Betty: I love your vase! I bet you'll get A LOT better growth out of the bamboos than people normally get when they buy them in jars w/ only gravel... Is there anything else in the vase (shrimp, smaller plants?) I bet it'd look good too with some marsilea or riccia growing around the bamboo. Also, where did you get that vase? I like the shape of it. I'm thinking of setting up a couple of more aquatic vases around the house...

-ricardo


----------



## DataGuru (Mar 11, 2005)

LOL

What's cactus soil?

I hope the bamboo grows better. When I had it in a bowl, adding goldie water didn't even help. Grows slow.

That would be neat... How much light does riccia like? Right now, the vase is just getting indirect sunlight cuz last time I had the bamboo in direct sunlight it got annoyed. 

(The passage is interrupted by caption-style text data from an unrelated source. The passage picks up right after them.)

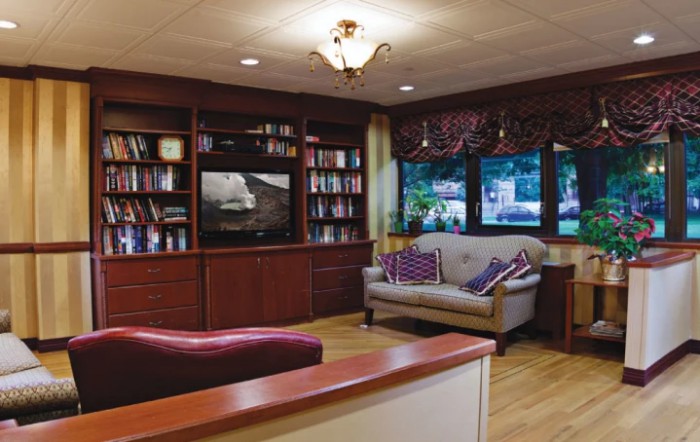 Sunharbor Manor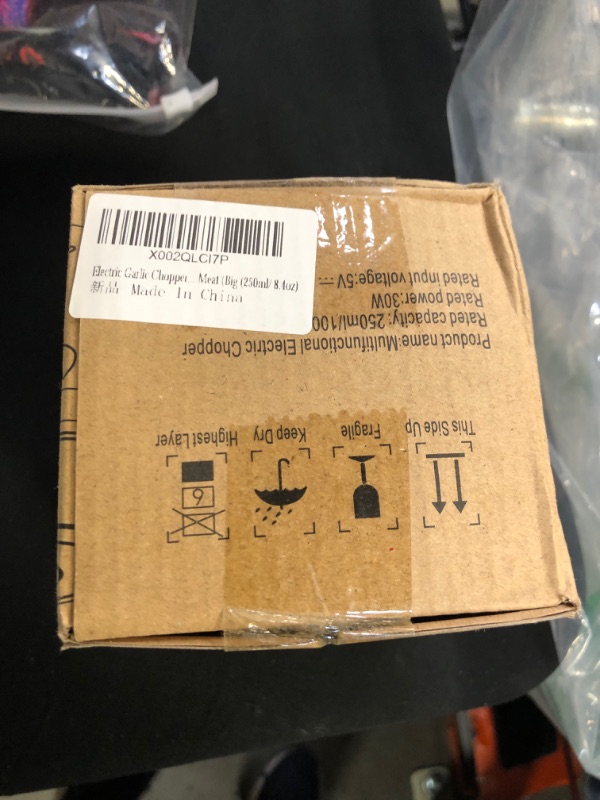 Photo 1 of GUBAY Electric Garlic Chopper 250 ML Mini Food Processor Mini Food Chopper with USB Charging for Slap Chop Onion Ginger Vegetable Pepper Spice Meat Baby Food Seasoning BPA Free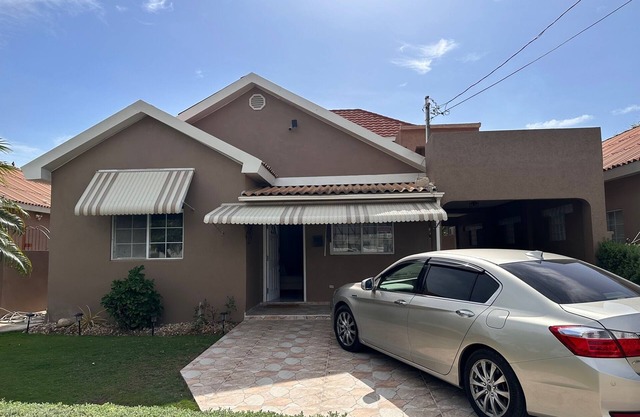 LARGE COZY HOME FOR YOU AND YOUR FAMILY, NICELY DECORATED, QUIET. GATED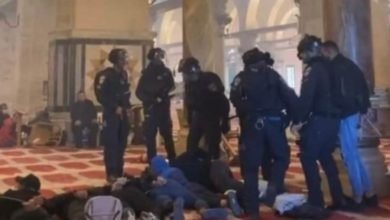 عاجل .. قوات الاحتلال الإسرائيلي تقتحم المصلى القبلي من المسجد الأقصى المبارك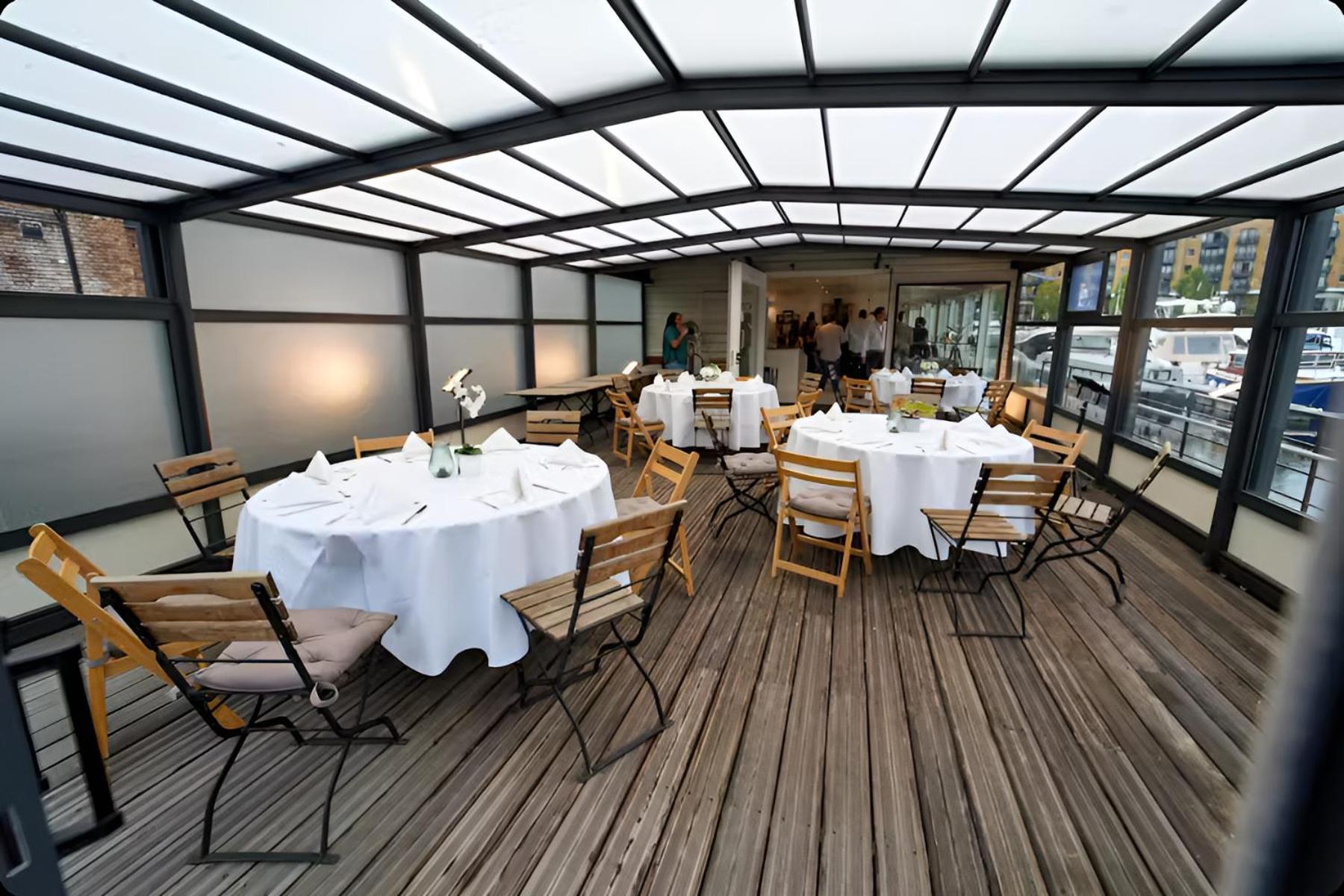 Charming Houseboat Featuring A Sauna Apartment London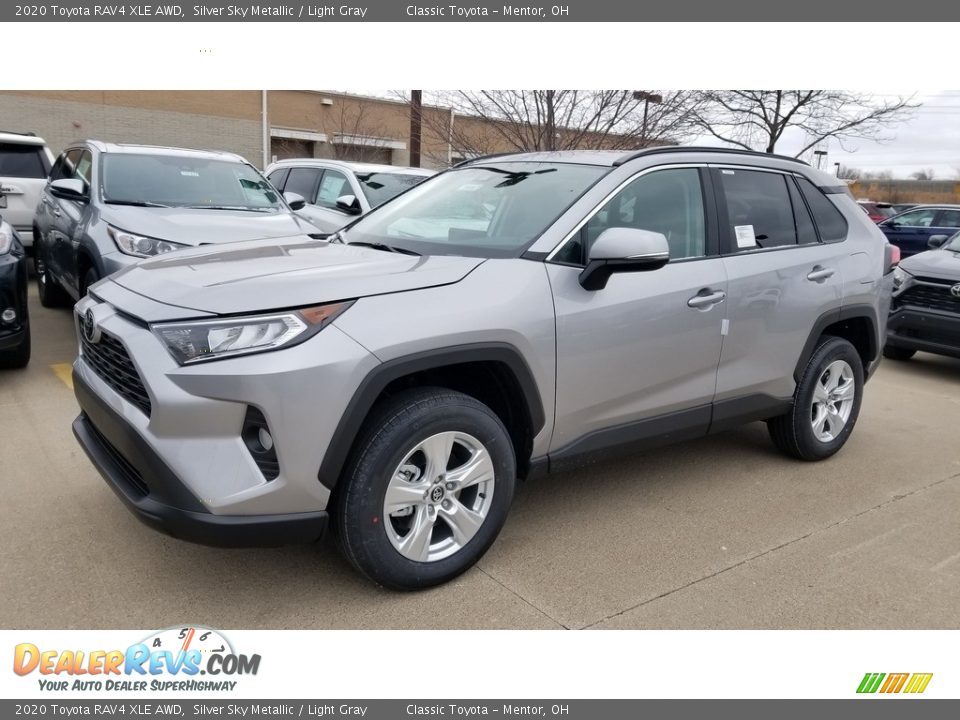2020 Toyota RAV4 XLE AWD Silver Sky Metallic / Light Gray Photo #1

Nope... no beasties in it yet. I figured I'd let the bamboo grow a bit so I can add more water before adding any beasties.

I found the vase at a garage sale.


----------



## Mr Fishies (Apr 9, 2006)

> Originally posted by Betty:
> 
> What's cactus soil?


I can't speak to the exact components, but what we are calling cactus soil, some would call succulent potting mix and I am sure other names exist.

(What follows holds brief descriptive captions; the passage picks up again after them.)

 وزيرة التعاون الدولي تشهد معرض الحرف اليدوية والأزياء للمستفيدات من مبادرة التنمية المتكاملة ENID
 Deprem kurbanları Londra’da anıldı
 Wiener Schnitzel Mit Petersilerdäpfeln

My experience with cactus soil is limited to two plants I kept previously, one was a crassula argenta (jade plant) and a sansevieria trifasciata (mother in laws toungue - I didn't make that up!).

I used a product from Schultz that is supposed to be a well drained, low organic content soil designed with cactus and other arid region plants in mind.

I am thinking that it might be a good choice for a soil substrate. It does not have as much peat, compost and other organic material as some garden soils or potting mixes do so there may be less leeching of excess nutrients into the water faster than plants can use it.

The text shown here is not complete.